Sigh. Cross your fingers that nothing explodes out of my downstairs bathroom before I can call someone in to start the repair process. Again.


Sarah said...

Ugh. And also? I KNOW THE FEELING. That all surprise extra money immediately gets earmarked for boring but necessary expenditures and never for, like, "Surprise vacation!" or "New furniture!" Or even for semi-practical but not strictly necessary things that I've been wanting, like having our piece of crap, horribly cracked driveway resealed. Grrr.
I think maybe normal people just don't get to do fun stuff with their money until their kids are grown?
So I have about twenty more years, if you factor in one more kid. Awesome.

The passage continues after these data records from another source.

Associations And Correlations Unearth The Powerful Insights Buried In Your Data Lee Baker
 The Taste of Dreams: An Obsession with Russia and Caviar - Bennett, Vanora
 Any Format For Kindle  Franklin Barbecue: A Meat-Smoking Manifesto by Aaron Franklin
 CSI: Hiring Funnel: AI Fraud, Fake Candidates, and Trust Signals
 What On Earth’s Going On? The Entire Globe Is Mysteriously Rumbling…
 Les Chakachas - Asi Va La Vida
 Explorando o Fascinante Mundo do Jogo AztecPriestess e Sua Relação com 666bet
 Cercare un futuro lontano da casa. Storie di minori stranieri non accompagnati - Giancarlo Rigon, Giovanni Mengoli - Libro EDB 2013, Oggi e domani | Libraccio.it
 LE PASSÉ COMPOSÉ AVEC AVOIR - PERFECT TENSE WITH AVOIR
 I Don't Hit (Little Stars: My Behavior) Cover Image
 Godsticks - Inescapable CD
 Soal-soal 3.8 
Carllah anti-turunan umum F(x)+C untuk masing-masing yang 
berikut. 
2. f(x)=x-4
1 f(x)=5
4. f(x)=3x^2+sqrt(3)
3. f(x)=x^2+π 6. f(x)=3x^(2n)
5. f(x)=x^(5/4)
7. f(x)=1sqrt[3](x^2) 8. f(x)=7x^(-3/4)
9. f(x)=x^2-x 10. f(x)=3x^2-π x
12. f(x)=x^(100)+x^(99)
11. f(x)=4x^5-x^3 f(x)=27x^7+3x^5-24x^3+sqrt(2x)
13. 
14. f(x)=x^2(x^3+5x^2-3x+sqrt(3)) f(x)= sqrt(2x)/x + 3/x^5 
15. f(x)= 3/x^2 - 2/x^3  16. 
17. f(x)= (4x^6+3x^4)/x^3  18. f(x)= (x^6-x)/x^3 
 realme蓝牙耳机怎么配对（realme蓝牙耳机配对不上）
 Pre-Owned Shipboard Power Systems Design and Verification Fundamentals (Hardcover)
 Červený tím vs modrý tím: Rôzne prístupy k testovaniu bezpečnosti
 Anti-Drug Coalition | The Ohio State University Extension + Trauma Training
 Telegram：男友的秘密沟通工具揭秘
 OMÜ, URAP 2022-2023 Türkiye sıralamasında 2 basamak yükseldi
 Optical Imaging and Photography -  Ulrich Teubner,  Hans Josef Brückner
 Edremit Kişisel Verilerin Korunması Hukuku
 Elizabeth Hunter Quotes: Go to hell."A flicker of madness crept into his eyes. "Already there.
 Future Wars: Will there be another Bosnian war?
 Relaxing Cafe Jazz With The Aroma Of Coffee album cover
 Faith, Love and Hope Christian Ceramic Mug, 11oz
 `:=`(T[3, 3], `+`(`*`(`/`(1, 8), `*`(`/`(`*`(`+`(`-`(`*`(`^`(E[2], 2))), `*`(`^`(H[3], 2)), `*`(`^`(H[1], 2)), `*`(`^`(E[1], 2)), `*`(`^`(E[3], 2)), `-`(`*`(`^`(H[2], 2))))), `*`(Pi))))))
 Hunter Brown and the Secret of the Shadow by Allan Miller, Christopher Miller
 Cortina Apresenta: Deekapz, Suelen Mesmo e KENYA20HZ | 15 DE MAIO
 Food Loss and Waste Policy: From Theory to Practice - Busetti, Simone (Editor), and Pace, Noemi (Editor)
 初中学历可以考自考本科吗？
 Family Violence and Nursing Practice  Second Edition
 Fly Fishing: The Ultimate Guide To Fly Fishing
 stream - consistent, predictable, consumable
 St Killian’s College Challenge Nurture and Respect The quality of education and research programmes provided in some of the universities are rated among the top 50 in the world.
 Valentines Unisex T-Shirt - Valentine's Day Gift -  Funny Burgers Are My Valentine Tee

creative kerfuffle said...

do you have a septic tank? that could be part of the plumbing issues. at some point we're going to have to have a tree cut down in our backyard because the first owners (house is 20-30 yrs old) planted a tree over tank. nice. i SO feel your pain w/ the take one step forward, see the light at the end of the tunnel and then take two steps back. it's always been that what for us too. i almost hate when "surprise" or unexpected money comes our way because there's always going to be something needing fixed.